Wednesday, November 29, 2006

49 UP (2005) A Documentary Film Review

In 1964 British TV interviewed a group of seven year-old schoolchildren and each seven years since director Michael Apted has returned to follow up on their lives. I first heard Ebert praise the series when 28 Up was released in 1984, but I couldn’t locate a copy. I finally saw 35 Up on Cinemax in the early 1990s and I had a lot of trouble connecting with the people. I’ve since read reviews saying that it was a poor episode to begin on because the increasingly middle aged subjects were less optimistic about their futures.

Earlier in the year I saw 42 Up on TV and had an entirely different experience. The familiarity with the characters, my own aging, and the more positive outlook made for a much better ride. With 49 UP I’m now with Ebert in calling this one of the best executed documentaries in film history. The perseverance to chronicle these lives through the years is ultimately life affirming especially as it contrasts the present realities with the bleak expectations a few films earlier.

The characters lives are like ours. They struggle with disease, death of their loved ones, divorce, career changes, but as they near the half century mark, they are much more resigned with their accomplishments and failures and less interested in the status that they were so conscious of in the past. Many of the people say bluntly that they don’t like doing the series and that it trudges up bad memories that they have to re-live every 7 years. And yet, they continue to participate out of habit or maybe just the commitment that it’s bigger than their individual wants.

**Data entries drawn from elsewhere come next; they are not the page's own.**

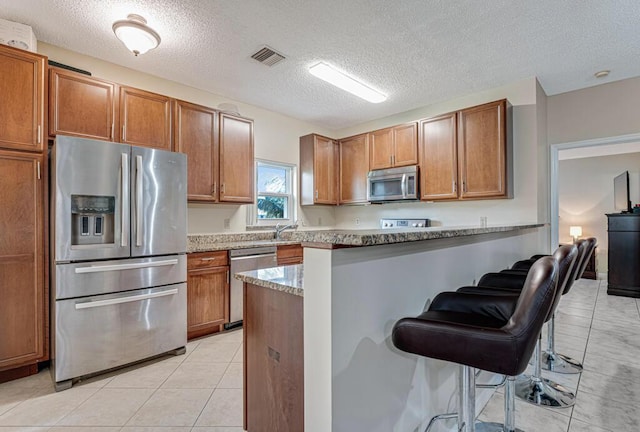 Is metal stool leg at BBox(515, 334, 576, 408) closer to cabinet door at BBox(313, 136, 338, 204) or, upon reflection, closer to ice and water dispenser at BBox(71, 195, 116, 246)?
ice and water dispenser at BBox(71, 195, 116, 246)

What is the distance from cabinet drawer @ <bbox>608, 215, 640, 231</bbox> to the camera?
15.5 feet

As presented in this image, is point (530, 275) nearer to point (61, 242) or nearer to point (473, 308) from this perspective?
point (473, 308)

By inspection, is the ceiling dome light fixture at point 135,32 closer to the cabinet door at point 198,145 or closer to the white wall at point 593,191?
the cabinet door at point 198,145

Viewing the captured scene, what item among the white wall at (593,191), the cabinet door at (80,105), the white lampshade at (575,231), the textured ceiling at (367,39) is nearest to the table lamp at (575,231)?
the white lampshade at (575,231)

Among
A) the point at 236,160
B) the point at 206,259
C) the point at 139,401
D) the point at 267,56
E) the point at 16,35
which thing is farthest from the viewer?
the point at 236,160

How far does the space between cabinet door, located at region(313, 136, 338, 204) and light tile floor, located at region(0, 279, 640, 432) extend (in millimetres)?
2641

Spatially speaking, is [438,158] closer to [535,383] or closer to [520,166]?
[520,166]

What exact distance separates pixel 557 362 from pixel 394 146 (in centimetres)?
299

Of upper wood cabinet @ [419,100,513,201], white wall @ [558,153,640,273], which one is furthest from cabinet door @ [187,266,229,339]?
white wall @ [558,153,640,273]

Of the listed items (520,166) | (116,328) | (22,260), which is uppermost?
(520,166)

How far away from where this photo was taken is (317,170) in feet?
15.7

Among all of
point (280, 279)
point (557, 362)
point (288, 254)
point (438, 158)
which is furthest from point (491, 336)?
point (438, 158)

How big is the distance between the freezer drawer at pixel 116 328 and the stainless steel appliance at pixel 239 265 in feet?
1.96

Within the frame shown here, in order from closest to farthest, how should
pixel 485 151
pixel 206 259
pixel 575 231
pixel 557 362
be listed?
1. pixel 557 362
2. pixel 206 259
3. pixel 485 151
4. pixel 575 231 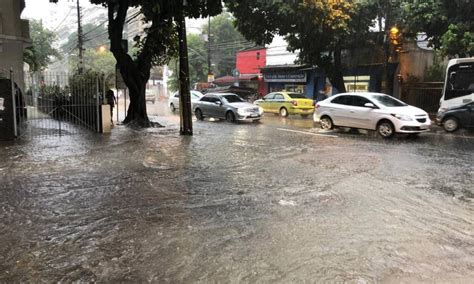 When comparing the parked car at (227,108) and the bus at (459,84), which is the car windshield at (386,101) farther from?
the parked car at (227,108)

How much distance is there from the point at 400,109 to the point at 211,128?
7.43 metres

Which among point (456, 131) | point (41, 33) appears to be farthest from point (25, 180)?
point (41, 33)

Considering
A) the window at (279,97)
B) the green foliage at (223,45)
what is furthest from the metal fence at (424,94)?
the green foliage at (223,45)

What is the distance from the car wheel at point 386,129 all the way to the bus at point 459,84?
3.87 metres

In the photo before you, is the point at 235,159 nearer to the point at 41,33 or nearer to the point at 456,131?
the point at 456,131

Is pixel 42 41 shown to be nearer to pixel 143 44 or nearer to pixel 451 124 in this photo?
pixel 143 44

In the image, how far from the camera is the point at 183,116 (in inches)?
621

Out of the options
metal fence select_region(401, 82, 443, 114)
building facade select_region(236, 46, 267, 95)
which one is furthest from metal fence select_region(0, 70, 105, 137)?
building facade select_region(236, 46, 267, 95)

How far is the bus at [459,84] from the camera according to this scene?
16656 millimetres

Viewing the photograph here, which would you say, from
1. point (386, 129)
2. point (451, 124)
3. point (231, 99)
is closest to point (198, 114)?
point (231, 99)

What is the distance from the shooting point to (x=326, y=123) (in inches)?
689

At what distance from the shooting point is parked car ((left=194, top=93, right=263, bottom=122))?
21344mm

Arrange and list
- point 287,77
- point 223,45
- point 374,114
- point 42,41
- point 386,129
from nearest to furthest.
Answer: point 386,129, point 374,114, point 287,77, point 42,41, point 223,45

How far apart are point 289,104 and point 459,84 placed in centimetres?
955
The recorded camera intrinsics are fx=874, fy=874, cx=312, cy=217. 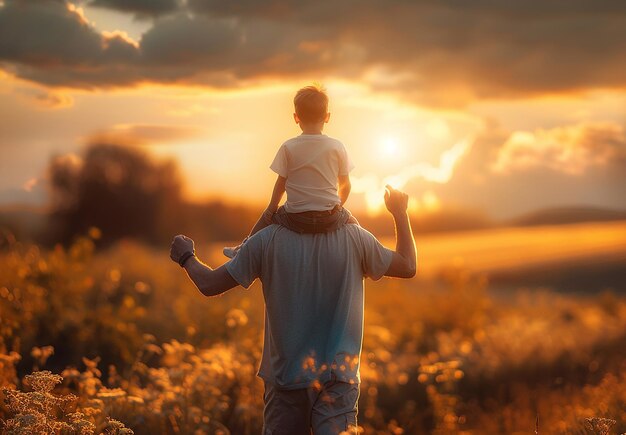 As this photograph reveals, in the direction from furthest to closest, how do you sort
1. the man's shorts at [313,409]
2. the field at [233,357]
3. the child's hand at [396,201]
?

Who would have thought that Tony, the poor East End kid, would become a jockey, cabbie, bit actor, and business owner would someday own his own vacation house in Spain? He misses his old neighborhood, the pubs and the culture that is overrun by immigrants. Though Apted had thought him to be a likely candidate for a life of crime he instead became a Tory conservative.

It takes some getting acquainted with the principles to really dig it and I’m glad that with time I have come to enjoy their parade. The series has become as much about life in general although it focuses on these specific lives.